[Web page caption snippets]
********

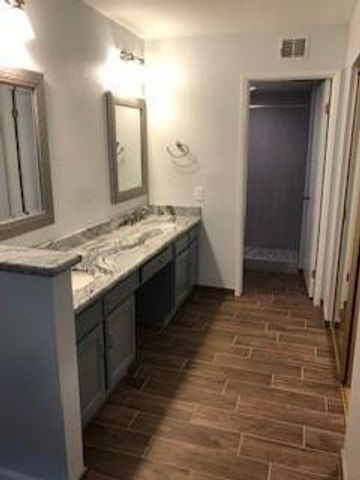 4354 E Sandia Street, Phoenix, AZ 85044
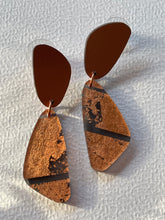 Load image into Gallery viewer, Dconstruct Resin Laminate Oval Earrings
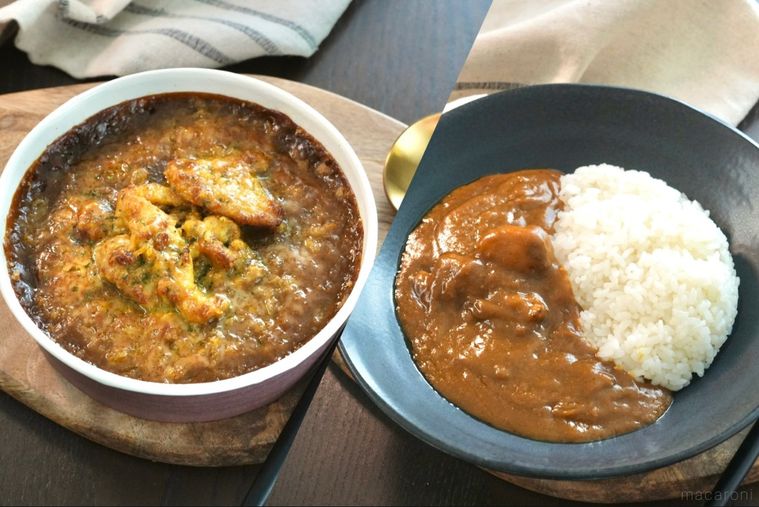 木のカッティングボードにのったコンビニの焼きカレーと黒い器に盛られたレトルトカレー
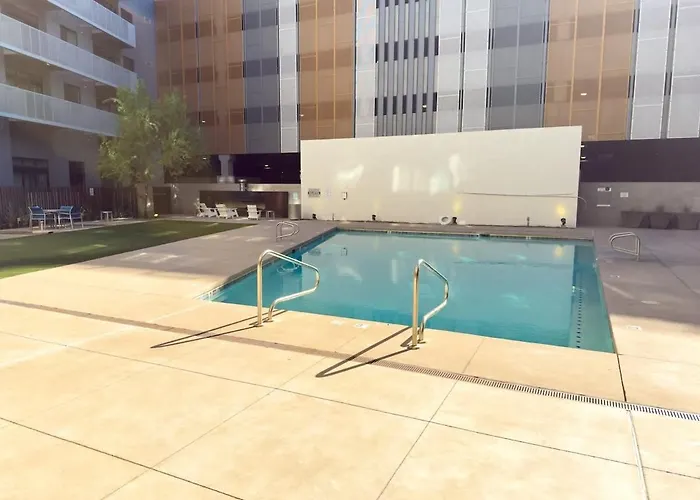 Centric 2br In Heart Of Dtphx Free Garage Parking Apartamento Phoenix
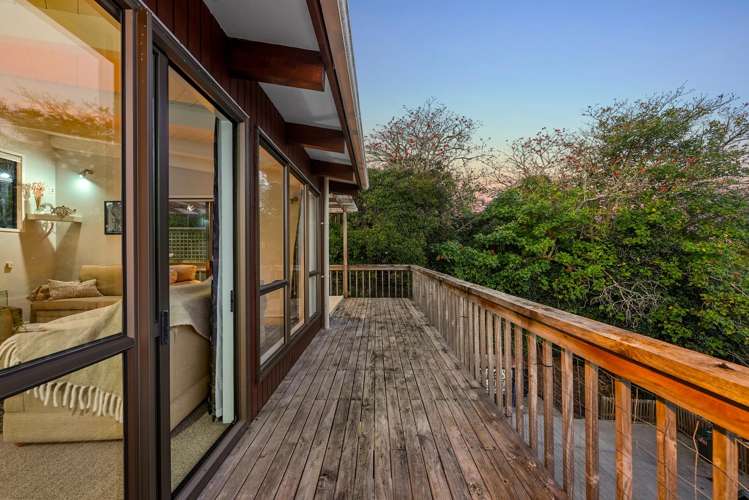 504 Beach Road Murrays Bay_16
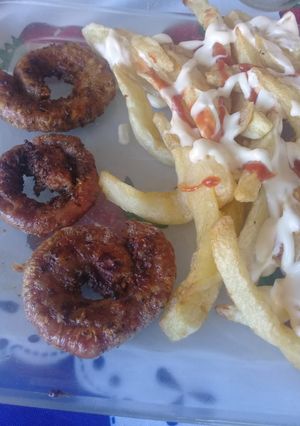 Una foto de Chinchulines con 🥔 fritas al disco 😋💪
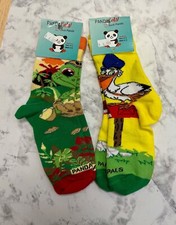 "Sock Panda" Youth Socks- 2PACK Medium 12-2 Pelican Carrier  Egg Shell Dino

********

- **GOAL OF THE EXERCISE**: Pictures should be omitted. Please return exactly the lines from the line that holds "Centric 2br In" through the end of the records.

- **RESPONSE FOR THIS EXERCISE**:
 Centric 2br In Heart Of Dtphx Free Garage Parking Apartamento Phoenix
 504 Beach Road Murrays Bay_16
 Una foto de Chinchulines con 🥔 fritas al disco 😋💪
 "Sock Panda" Youth Socks- 2PACK Medium 12-2 Pelican Carrier  Egg Shell Dino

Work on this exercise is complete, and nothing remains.